In the event of a change in control of Energy East, participants in the Energy East Annual Executive Incentive Plan ("AEIP") will be paid an amount which includes all earned but unpaid awards, a pro rata portion of any award with respect to the year in which such change in control occurs and if the AEIP continues in effect for the remainder of the performance period an additional payment at the end of the year in which such change in control occurs, to the extent that the award earned under the normal terms of the AEIP exceeds the amount paid upon such change in control. After a change in control of Energy East, officers and certain key employees of Energy East and certain subsidiaries who qualify, and whose employment is terminated at age 55 or later, other than for cause, shall receive a total retirement benefit as determined under the Energy East SERP. The Energy East SERP provides that, in the case of a change in con trol, a participant with 5 or more years of service may receive the present value of any SERP benefits in a lump sum, if the participant has so elected upon commencement of participation.
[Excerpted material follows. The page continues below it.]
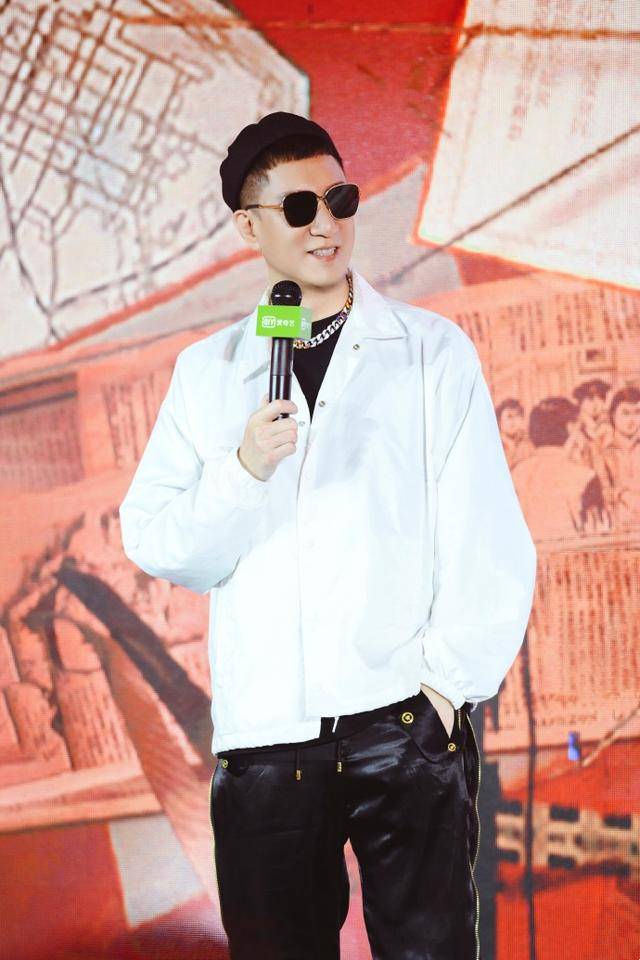 个性|50岁孙红雷爱上粉嫩穿搭，穿淡粉色短袖配短裤，“颜王”真是潮男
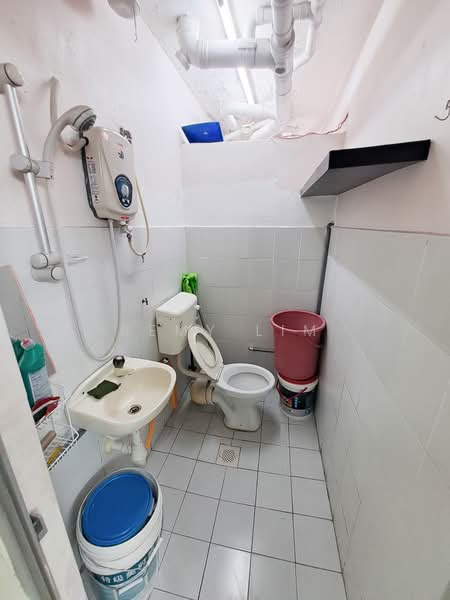 Flat for Sale at Rumah Pangsa Saga (Saga Suria) - Remy Lim - Bathroom - PropertyGuru.com.my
The Executive Compensation and Succession Committee of the Board of Directors of Energy East in its discretion may take certain actions in order to preserve, in the event of a change in control of Energy East, a participant's rights under an award issued pursuant to the 2000 Stock Option Plan or the Restricted Stock Plan.
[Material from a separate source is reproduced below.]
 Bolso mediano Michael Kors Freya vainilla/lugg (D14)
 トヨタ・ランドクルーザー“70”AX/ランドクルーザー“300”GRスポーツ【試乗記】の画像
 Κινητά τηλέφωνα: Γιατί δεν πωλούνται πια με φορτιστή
Grantor trusts have been established to provide for the payment of certain employee and director benefits, including severance benefits that might become payable after a change in control of Energy East.
Security Ownership of Management
The following table indicates the number of shares of Energy East common stock, and Energy East common stock equivalent units beneficially owned as of February 14, 2002, by each director, each of the officers named in the Summary Compensation Table included elsewhere herein, and by the 9 current directors and officers as a group and the percent of the outstanding securities so owned.
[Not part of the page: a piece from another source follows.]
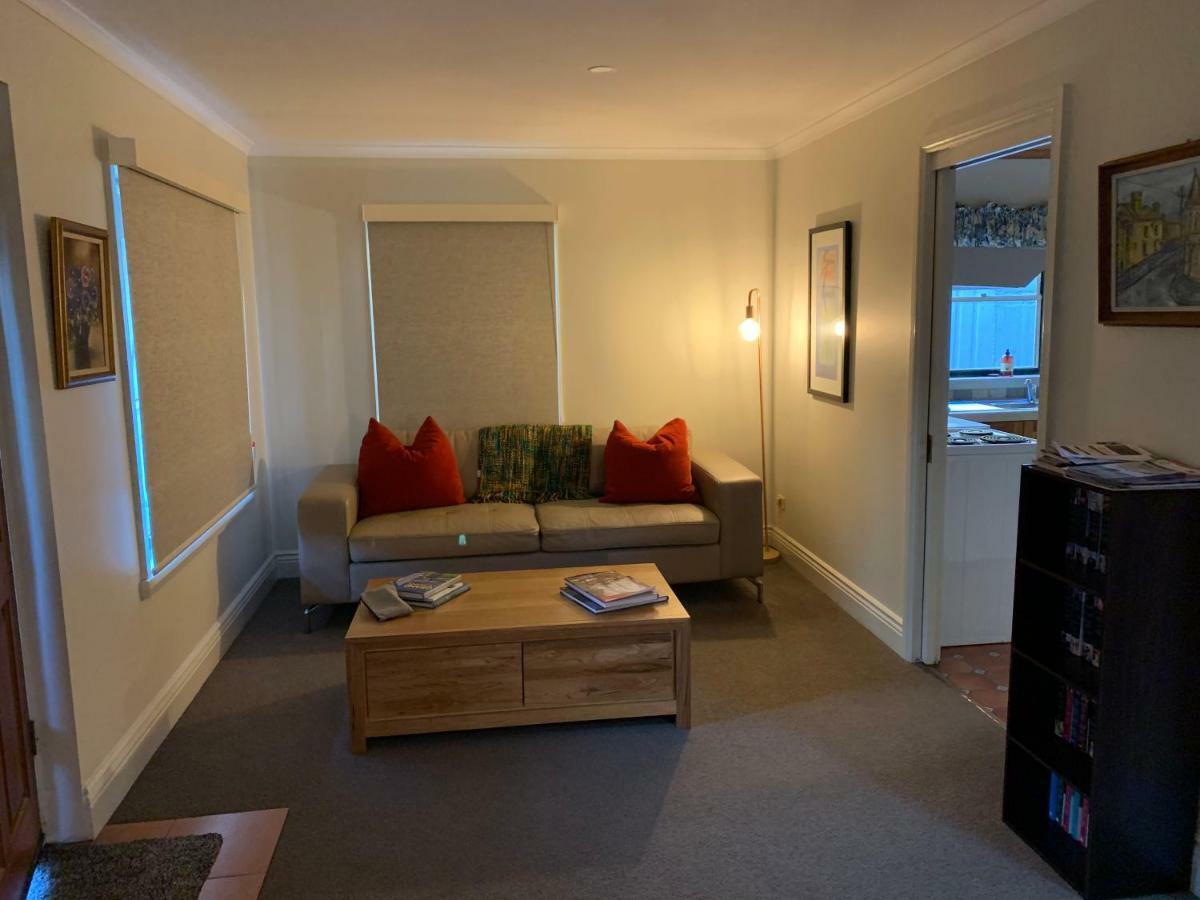 City Townhouse Walking Distance To City Launceston Bagian luar foto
Name | Energy East Common Stock Beneficially Owned(1) | Energy East Common Stock Equivalent Units(2) | Total Energy East Common Stock and Energy East Common Stock Equivalent Units | Percent of Class |
Peter E. Bedard
| 20,396
| 0
| 20,396
| (3)
|
Sara J. Burns | 64,479 | 0 | 64,479 | (3) |
Curtis I. Call | 20,353 | 0 | 20,353 | (3) |
Douglas A. Herling | 20,342 | 0 | 20,342 | (3) |
Kenneth M. Jasinski | 477,065 | 11,258 | 488,323 | (3) |
Stephen G. Robinson | 20,654 | 0 | 20,654 | (3) |
Wesley W. von Schack | 1,133,892 | 24,026 | 1,157,918 | (3) |
9 current directors and officers as a group | 1,800,224
| 35,284
| 1,835,508
| (3)
|
___________
(1) Includes shares of Energy East common stock that may be acquired through the exercise of stock options that are exercisable currently. The number of shares which may be acquired, and by whom, are as follows: Mr. Bedard, 19,999; Ms. Burns, 63,332; Mr. Call, 19,999; Mr. Herling, 19,999; Mr. Jasinski, 472,665; Mr. Robinson, 19,999; Mr. von Schack, 1,099,999; and all officers as a group, 1,755,990.
(2) Includes Energy East common stock equivalent units granted under the Long-Term Executive Incentive Share Plan, for which the officer or director does not have voting rights.
(3) Less than 2% of the outstanding common stock of Energy East.